Most of us understand that poker is a long term game and that the long run takes a long time to reach. However, over the course of several years it is very easy to reach the long run as far as ring games are concerned.

Now obviously this doesn't hold true for large field MTT's. From my understanding, it's impossible to reach the long run in an average career(live tournaments). So luck must play a part, but how big?

So here's my problem. If someone more mathematically inclined than I could assist me I would be quite appreciative.

Player A is 1.5 times as good as the average player

Player B is 2.0 times as good as the average player

Assuming the average field is 500, what is the likelihood that Player A will have a more successful career(wins and final tables) than Player B? Let's assume a career is 300 events. What about if it were over only 100 tournaments? 50?

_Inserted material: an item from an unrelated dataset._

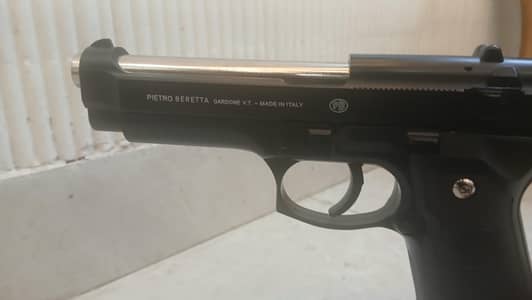 Metal gun /toy gun/good quality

I'm not sure if this can be calculated, but I'm interested to hear any thoughts on it nonetheless. Thanks.

If you want a mathematical answer, you will need to define "more successful". If you just say final tables, or just wins, it should be fairly easy.

TomCollins,

Final tables or wins would definitely be an adequate measure of success. I'd be grateful if you or anyone else could walk me through the calculation.

[ QUOTE ]
TomCollins,

Final tables or wins would definitely be an adequate measure of success. I'd be grateful if you or anyone else could walk me through the calculation.

[/ QUOTE ]

I'm a novice, but the biggest problem I notice is the way you are quantifying (or rather, aren't quantifying) how much better player A is than player B. It is certainly feasible to calculate if you say:

"Player A has an average finish of (50th percentile) with a standard deviation of 20 (percentile).

Player B has an average finish of (40th percentile) with a standard deviation of 15 (percentile)."

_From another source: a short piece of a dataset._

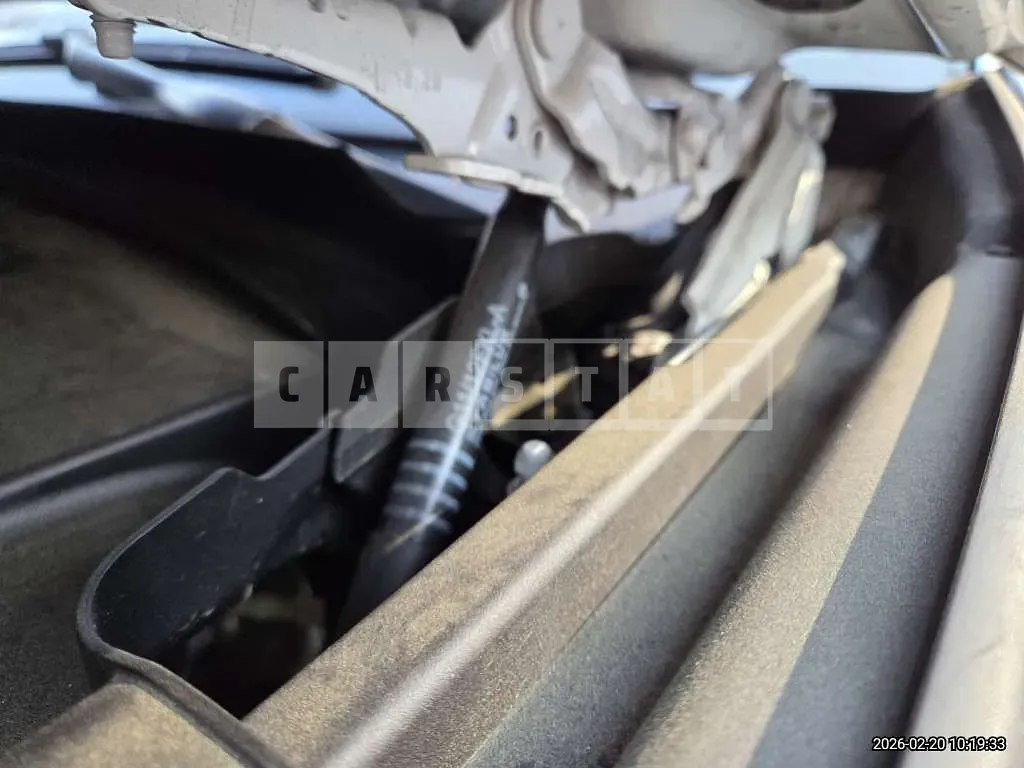 Photo 2 of 29: 2020 BMW 520i Luxury — Korean insurance auction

If we stated the problem like this, it would ALMOST be easy to do using a simple hypothesis test. However, doing such a test would require us to assume a normal distribution of placing, which we obviously can't do in this situation.

The key is that there is no bias (I think this is the term we want to use) in the normal distribution, while there is in the non-normal one.

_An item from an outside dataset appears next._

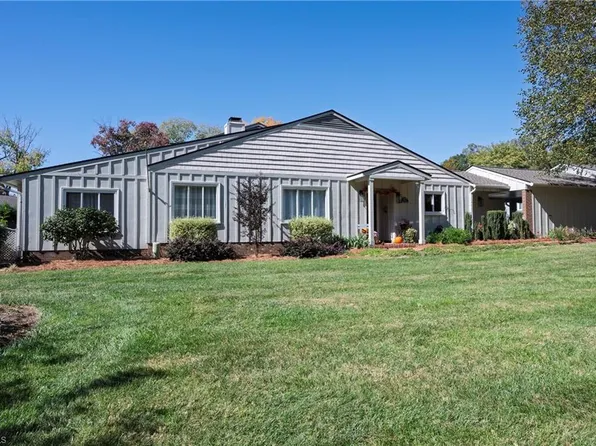 112 Mimosa Pl, Advance, NC 27006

Now that the idea of using a 2-sample T-test is out, we need to figure out another way to do this calculation. Probably the best way would be a computer simulation, but that's not really going to help us understand how to approach something like this.

So, ruling out those two methods, I don't really know how you'd do it. Anyone care to enlighten me (and correct me on something I've said as I know I must've stated something incorrectly above).